Racconta l’attore brillante più amato in Usa dai bambini e dagli adulti: «Finché... un amico non gli dice di andare a un seminario di uno dei tanti individui che in Usa scrivono libri su una migliore "sopravvivenza dell’esistenza». Carl va ad ascoltare il trascinante guru che viaggia in limousine (Terence Stamp) e impara a dire sì. Perché la regola dell’uomo è semplice. Dite sì e scoprire orizzonti inaspettati e la fortuna vi aiuterà e chi non vi amava imparerà a farlo. La vita di Carl cambia. Trova una ragazza andando ad ascoltare una curiosa band di giovani musicisti, con lei fa finalmente vacanze inaspettate rispondendo sì ai diecimila annunci che invadono le cassette della posta Usa, i più pazzi inventori ottengono prestiti dalla Banca e le fortunate coincidenze dei mutui concessi gli portano persino una promozione... Scusi, Carrey, lei in passato ha anche sofferto di depressione: dopo questo film, lei dice più sì e meno no? Risponde l’attore, che ha anche scritto un libro sulla battaglia contro la malinconia: «L’unico no che ho scritto a caratteri cubitali era in realtà per esprimere il mio sì al matrimonio tra i gay (nel referendum in California) per il resto vi posso assicurare che la filosofia del sì funziona. Un esempio? Quello di riscossa globale degli americani, il sì alla proposta di un Presidente afro-americano».

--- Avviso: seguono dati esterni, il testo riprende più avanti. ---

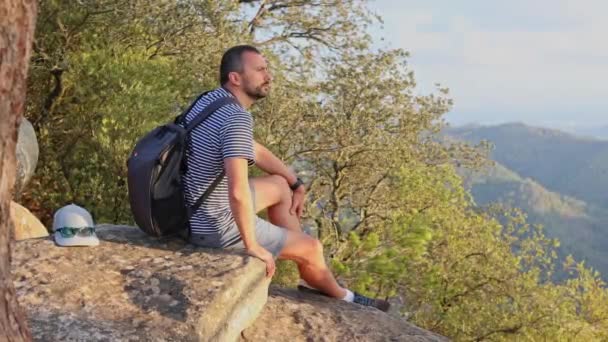 山の上に座っている孤独な男 探検の冒険者 ゼンコンセプト4K Garbi バレンシア スペイン — ストック動画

Nel copione ambientato interamente a Los Angeles («Perché questa è una città fantastica», dichiara Carrey, canadese, diventato con cittadinanza Usa losangelino sfegatato), Carl inizia a studiare coreano, accetta un corso scontato di lezioni di volo, visita quartieri tabù, alla domenica va a portare da mangiare ai poveri e finalmente mangia le torte di mele della vicina di stanza e «si concede » malgrado lei abbia quasi il doppio della sua età.
Yes man ha tramutato il titolo in un vero slogan. «Certo che andrò in Italia a sostenere la filosofia del sì – dichiara Jim – perché leggendo i giornali, mi pare che il vostro Paese si sia spento. Dirò: "Andate a vedere i vostri tesori d’arte, a mangiare nei vostri inimitabili ristoranti, sopportate i politici che non vi piacciono pensando alle vostre risorse capaci di sconfiggerli...».
Il suo attore comico preferito? «Marlon Brando perché dissacrava con perizia il mestiere d’attore e sopportava i dolori della sua vita di padre e uomo con energia. Dopo di lui, Buster Keaton perché, come me, amava in egual modo il dramma e la commedia». Cosa pensa dell’Academy che difficilmente ammette nelle cinquine delle nomination film brillanti? «Un giorno diranno anche loro di sì. Il mondo, dopo questo periodo buio, va di nuovo verso la speranza del sorriso anche perché imparare a dire sì insegna, quando è necessario, a dire no».